Ветер тянет запах сырой земли. С другой стороны высокого железного забора слышались голоса — смех, детский визг, звон шампуров о решётку мангала. Там, в садовом товариществе веселье и шашлыки. Здесь, среди берёз и сосен, были свежие холмики земли и тишина.
Парень открывает глаза. Перед ним — песок, венок, деревянный треугольник с именем и датой. Он понял — это его. Тело лежало в земле, а он, невесомый, стоял рядом. Зрение осталось, но странное: местами расплывчатое. Он видел тропинки между могил будто в тумане, а лица тех, кто пришёл его проводить ярко и чётко, и он видел что-то ещё, будто пробежала расплывчатая кошка. А ещё он слышит.
Молодой человек помнил, что он ехал на самокате и повернулся, чтобы показать девушке жестом сердце. Он не знал, сколько времени прошло: час, два, день. Но стало легче, когда рядом, на лавочке у дорожки, зашевелились какие-то тени. Он присмотрелся — женщины. Бабушки, их было сразу трое. В цветастых платках, как при жизни, они увлечённо щебетали на татарском, иногда вставляя пару слов на русском. И смеялись. Да так, что смех отскакивал от памятников, как будто это был не смех, а звенящий оглушающий шар.

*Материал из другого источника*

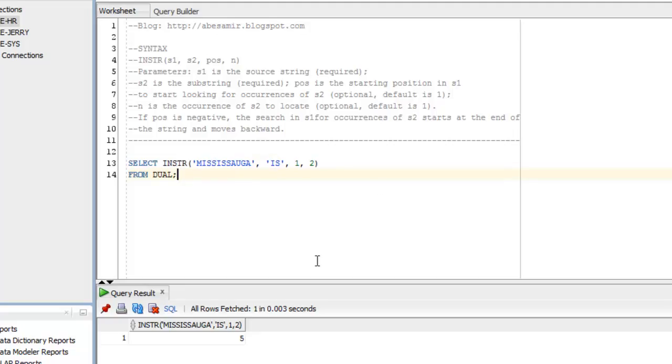So there you have it. We talked about the instring function. Went through an example. I'll be posting this to my blog, which I'll link to in the description box below. Hope you liked the video. Please subscribe, like, and share.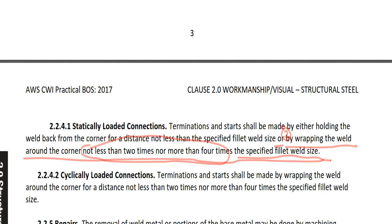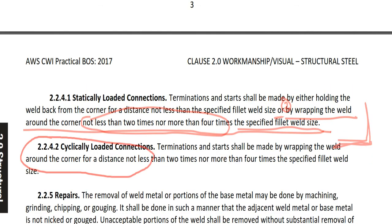This is number 2. When statically loaded connections — this was section 2.2.4.1. This is kind of tricky and complicated, but if you just read these sentences and watch my YouTube videos continuously and again, you will understand and can answer the questions without any problems. Today's lecture 4 is up to here. In lecture 5, I will cover cyclically loaded connections and more. Thank you for listening, and I will see you next time.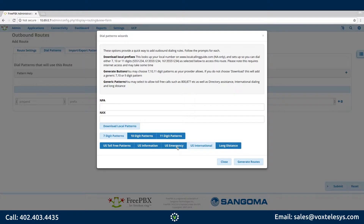Choose the U.S. emergency pattern if you plan to use this route for emergency calling. Make sure that Vox Telesis has configured your trunk to handle E911 calls before enabling emergency calling on this route. If you're not sure E911 has been enabled, please contact Vox Telesis for support.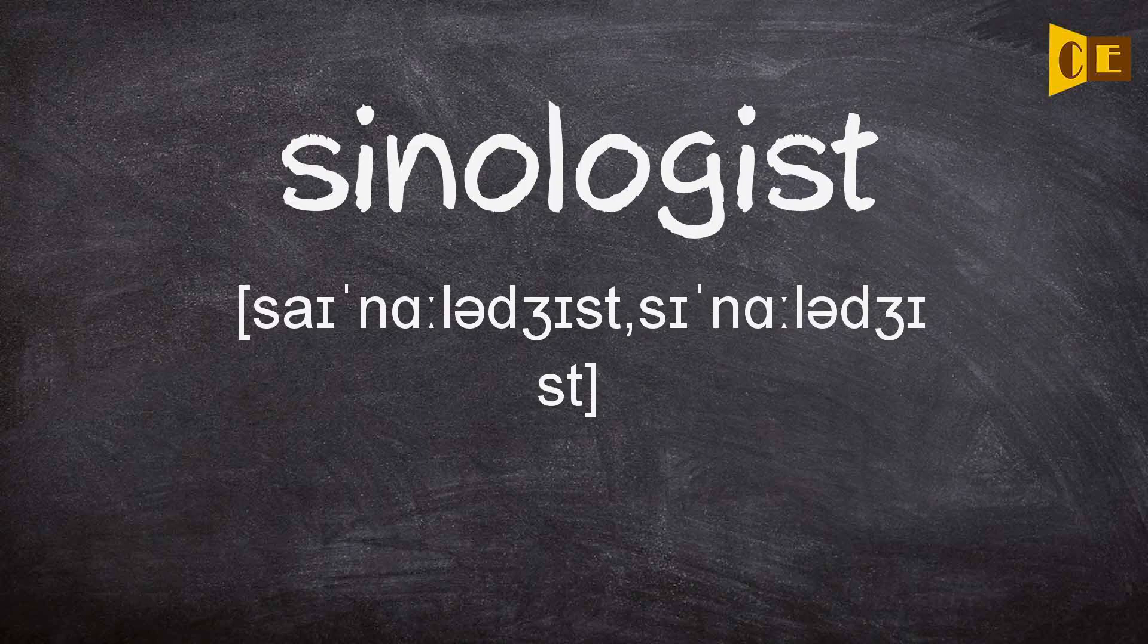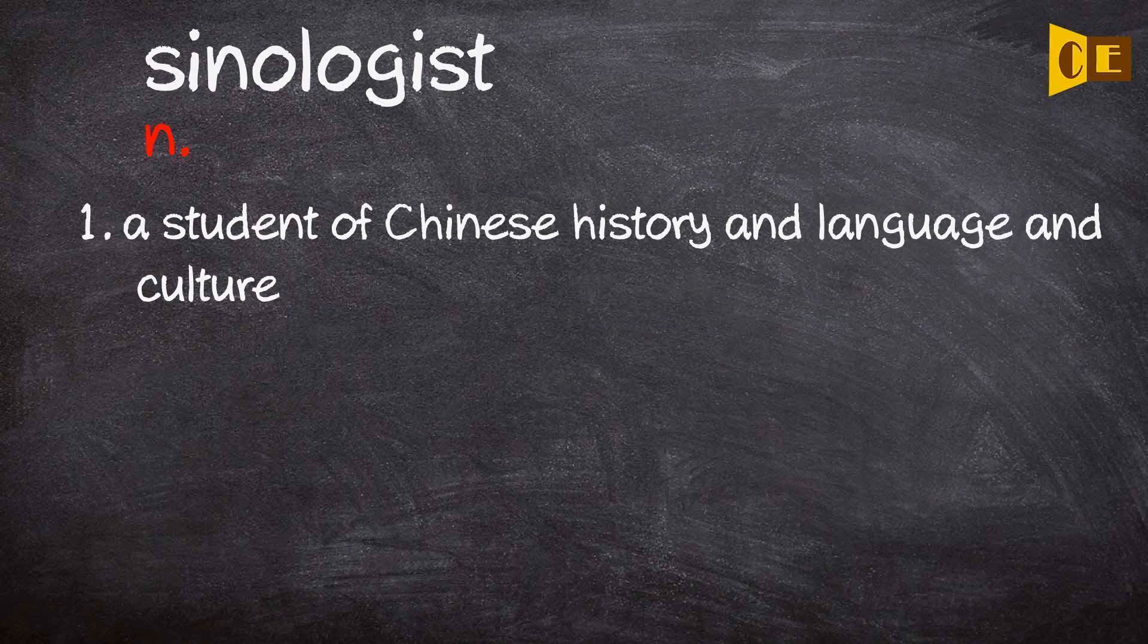Sinologist. Noun 1. A student of Chinese history and language and culture.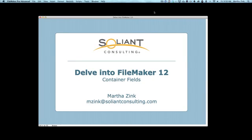Hi, my name is Martha Zink and I'm with Soliant Consulting and this is another video in Delve into FileMaker 12. Now here I'm going to focus on container fields.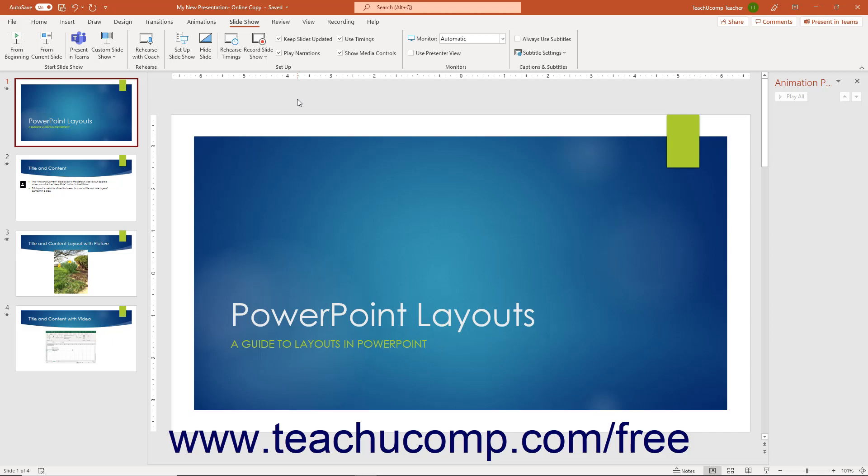This also lets you re-record only a selected slide if you need to correct a mistake during recording. However, PowerPoint doesn't record audio or video during slide transitions, so do not speak between slide transitions or it will be lost. You should also give yourself a small buffer before and after a slide transition to ensure all your narration is recorded.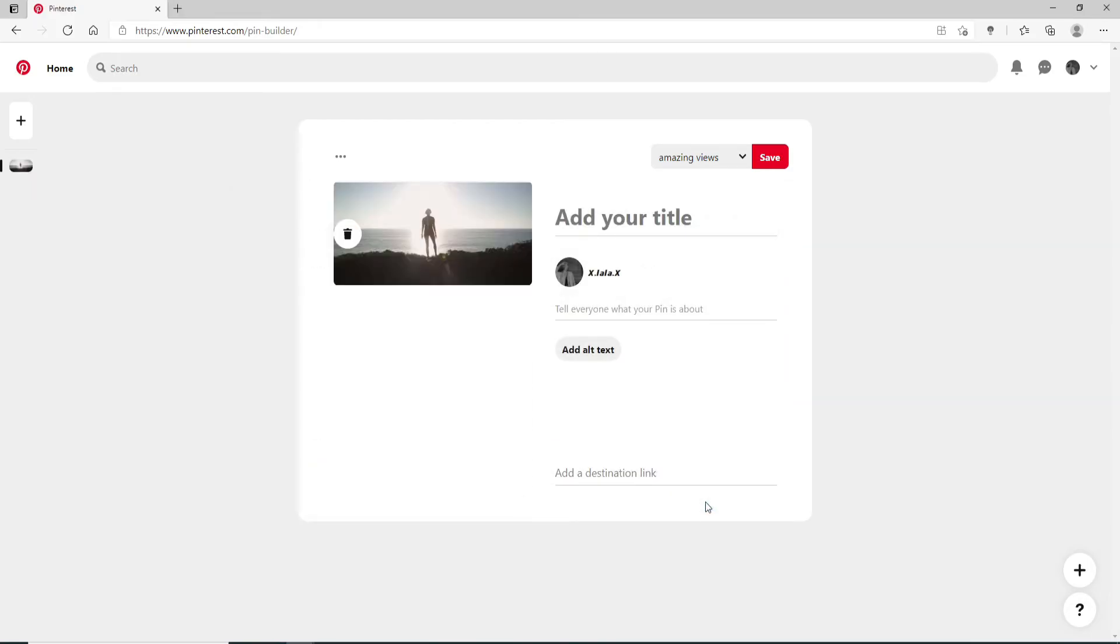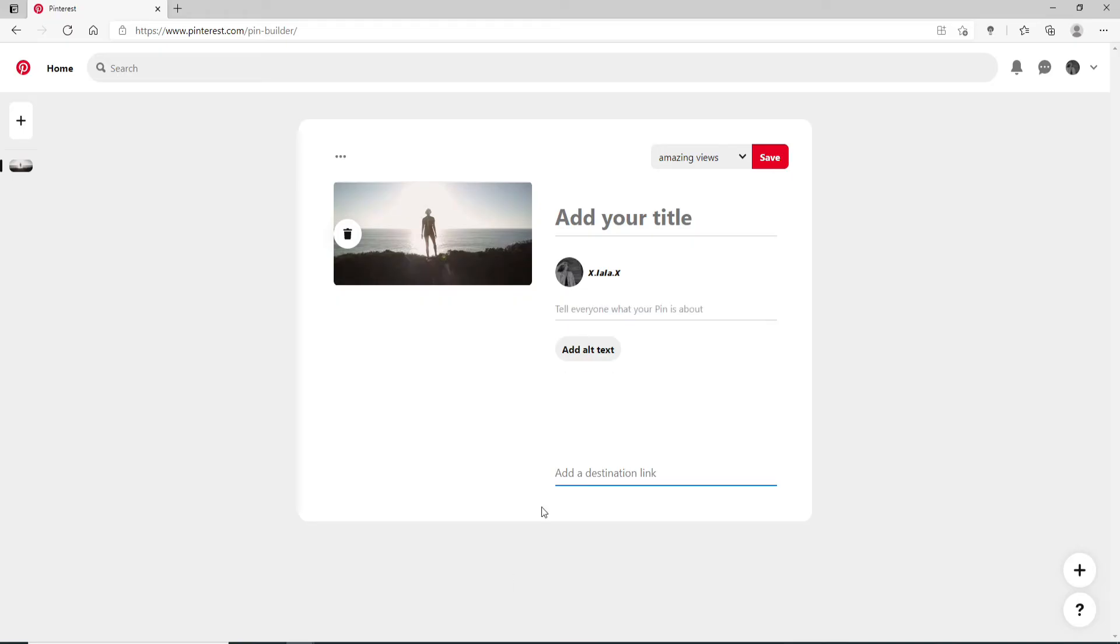Click on the picture you would like to add. Once you've added the picture, you can tell everyone what your pin is about by simply typing it in the box.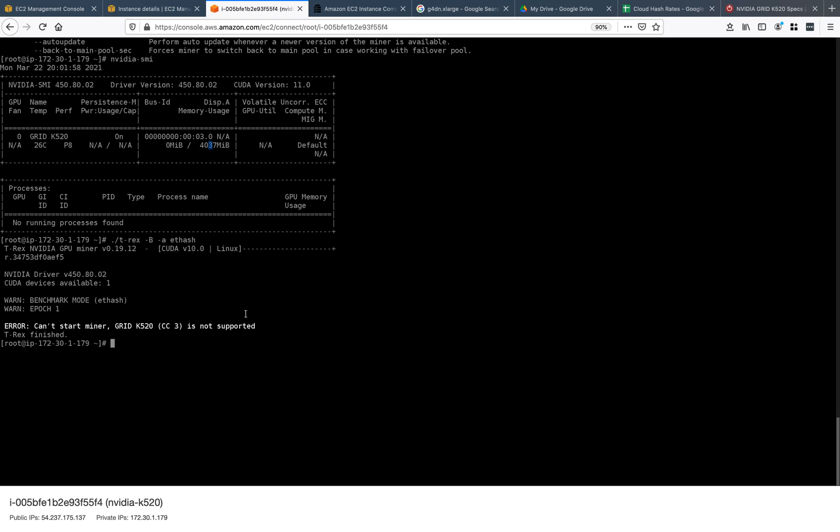Just wanted to let you know - don't bother with T-Rex on the Grid K520. Thanks for watching.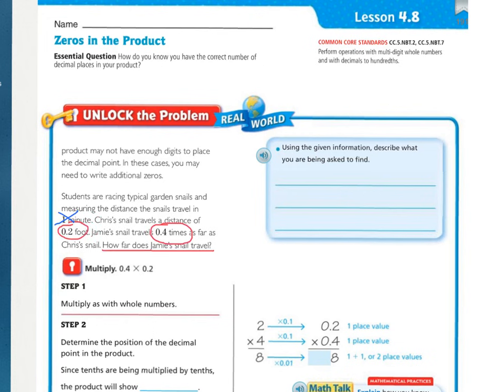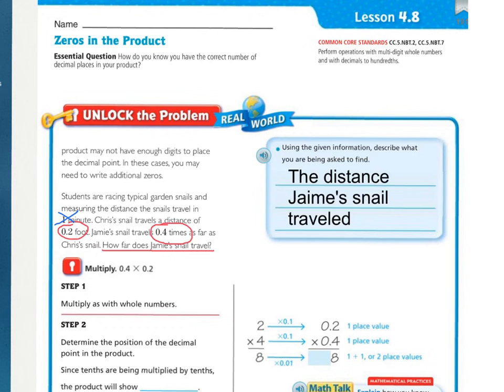I underlined 'how far does Jamie's snail travel' — that's what you are being asked to find. The important numbers I circled were two-tenths of a foot and four-tenths times as far. I crossed out one minute because the time doesn't really matter; we just want to know the distance. In the blue box, using the given information, describe what you are being asked to find. You should have written something similar to 'the distance Jamie's snail traveled.'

— У нас новенький, — заметила его одна.
— Ой, сынок, не пугайся, — говорит мужской голос.
— Ты теперь с нами, — улыбнулась другая женщина ему.
На его свежем холме сидел седой мужчина в тюбетейке. Борода у него, кажется при жизни не росла, но морщины указывали на почтенный возраст. Он вытянул ноги, и подавшись вперёд опирался на трость.
— С вами?.. Где «с вами»?
Мужчина взял разговор в свои руки:
— На кладбище, где ж ещё. У нас тут посиделки каждый день. Кто-то новости обсуждает, кто-то семечки щёлкает. Вот Габдулла, видишь? — показывает на мужика в спортивных штанах, сидящего на корточках. Он радостно «щёлкает» семечки, будто слышит хруст. — Ему на памятник насыпали, так он две недели делает вид, что ест. Птицы уже почти всё растащили, а он счастлив.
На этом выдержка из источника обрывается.